Bahwa historis sertipikat tanah tersebut adalah berdasarkan SK Redis sama halnya dengan tanah tanah blok bulak laut Cibenda Tahun 1994 yang kemudian sertifikat tanah yang di maksud terbit Tahun 1994 dan untuk yang 5 sertifkat tersebut kini telah di beli oleh bapak Cahya tentu saja Pembelian Tanah yang dimaksud sudah melalui prosedur yang legal secara hukum negara dan dilakukan dihadapan pejabat yang berwenang dalam hal ini adalah PPAT
Polemik sertifikat dan kepemilikan tanah yang berada di tanjung Cemara Desa sukaresik kecamatan Sidamulih kabupaten Pangandaran inipun semakin benderang ketika beberapa warga yang tahu silsilah tanah tersebut angkat bicara.
Salah satunya adalah Sahidin (55 Th) yang menyatakan Kesaksian bahwasanya mengetahui dari pemilik asal hingga kemudian terjadi jual beli yang sah secara hukum.
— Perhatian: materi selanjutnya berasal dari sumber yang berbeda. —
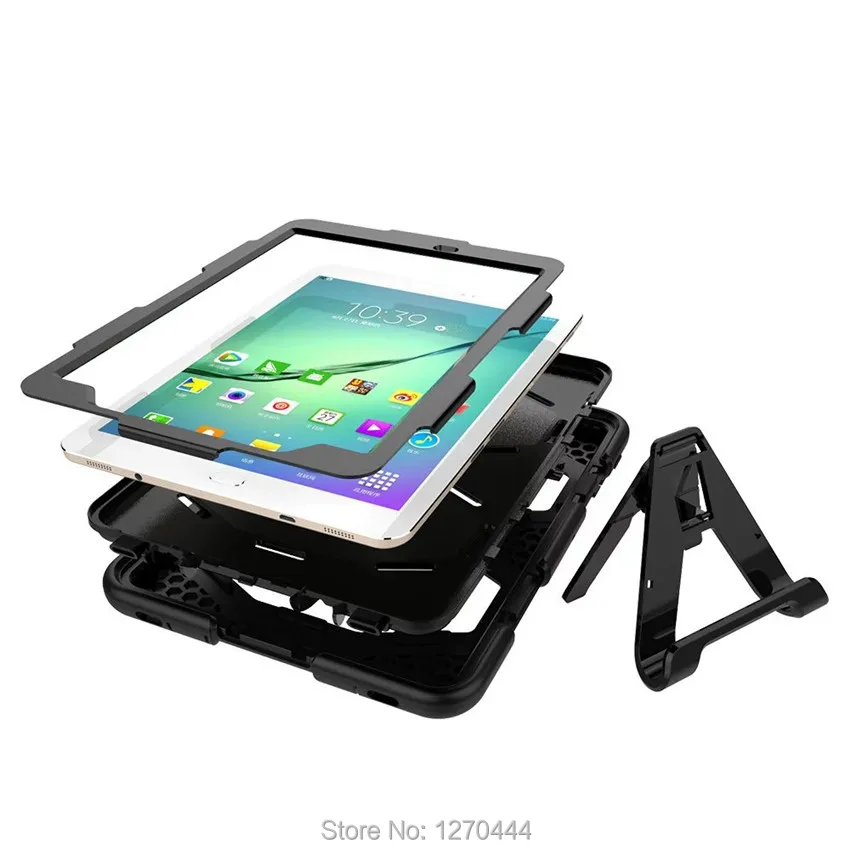 Для Samsung Galaxy Tab S2 9 7 SM T810 T811 T813 T815 Tablet Heavy Duty Rugged Impact Hybrid Case Kickstand Protective Cover|for samsung galaxy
Hal serupa juga di perkuat oleh kesaksian Ikin (50 th) yang merupakan mantan kepala Desa Sukaresik dan dahulu adalah pernah jadi pihak selaku penggugat di PTUN Bandung .
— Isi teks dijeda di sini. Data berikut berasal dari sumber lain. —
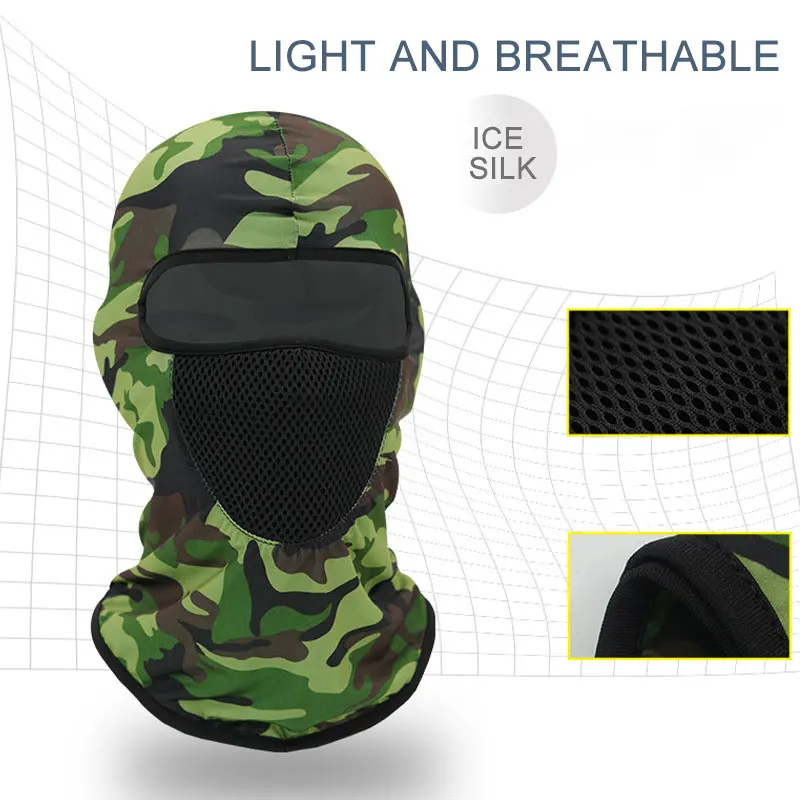 Тактическая камуфляжная маска-Балаклава на все лицо армейская маска для военных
Demikian yang di sampaikan oleh Anang dalam hal ini Pengacara yang ditunjuk juga untuk dampingi oleh Notaris/PPAT, mengatakan secara gamblang tentang sejarah perjalanan tanah yang berada di tanjung Cemara kepada awak media bahkan anang pun menyampaikan kronologis tersebut hingga ke jalur prosedur hukum yang di tempuh dan hasilnya keberadaan 5 hektar tanah tersebut murni bersertifikat dan jelas kepemilikannya pada saat ini, keberadaan tanah di tanjung Cemara sertifikatnya tidak bermasalah dan valid saat dilakukan verifikasi di BPN pada saat itu proses transaksi jual beli dilakukan.
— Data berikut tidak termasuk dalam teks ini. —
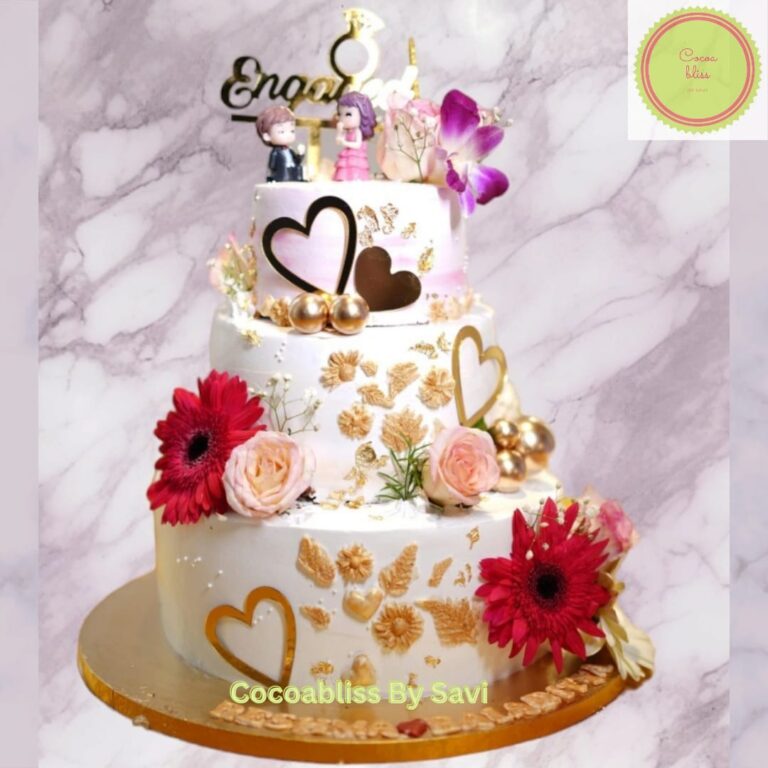 3-Tier Engagement Cake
Konfirmasi juga sudah di tempuh kepada Kepala Desa Sukaresik yang saat itu menjabat (tahun 2016) Badan Pertanahan Nasional (BPN) menyatakan bahwa kelima bidang sertifikat tersebut sah. Pungkasnya dan sebetulnya terkait persoalan tanah tanah tersebut telah ada putusan pengadilan yang berkekuatan hukum tetap yakni putusan pengadilan tata usaha negara bandung dengan register perkara No. 17/Pdt.G/1999/PTUN Bdg yang mana isi dari amar putusan tersebut adalah menolak gugatan para penggugat untuk seluruhnya (Warga Sukareski) ketika itu, sehingga secara hukum tanah tanah yang menjadi objek redistribusi tanah pada tahun 1994 adalah sah secara hukum.